(DATASET EXTRACT Opens)

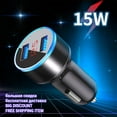 thumbnail image 2 of Portable Car Phone Charger Fast Charging Car Charger Adapter For Mobile Phone USB Dual Ports Car Accessories Blue, 2 of 6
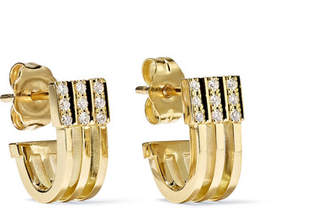 Melissa Kaye - Izzy Huggie 18-karat Gold Diamond Earrings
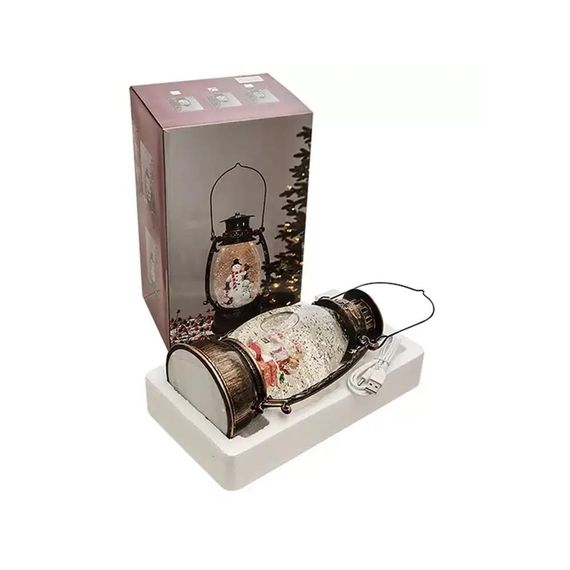 Новорічний нічник вінтажний ліхтар XMAS WDL-24028A (47692-10091_818) | Зображення 4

(DATASET EXTRACT Closes)

_YOUR OBJECTIVE:_
Are you able to set down all the lines above exactly, without any pictures?

_ANSWER TO THE PROBLEM:_
 thumbnail image 2 of Portable Car Phone Charger Fast Charging Car Charger Adapter For Mobile Phone USB Dual Ports Car Accessories Blue, 2 of 6
 Melissa Kaye - Izzy Huggie 18-karat Gold Diamond Earrings
 Новорічний нічник вінтажний ліхтар XMAS WDL-24028A (47692-10091_818) | Зображення 4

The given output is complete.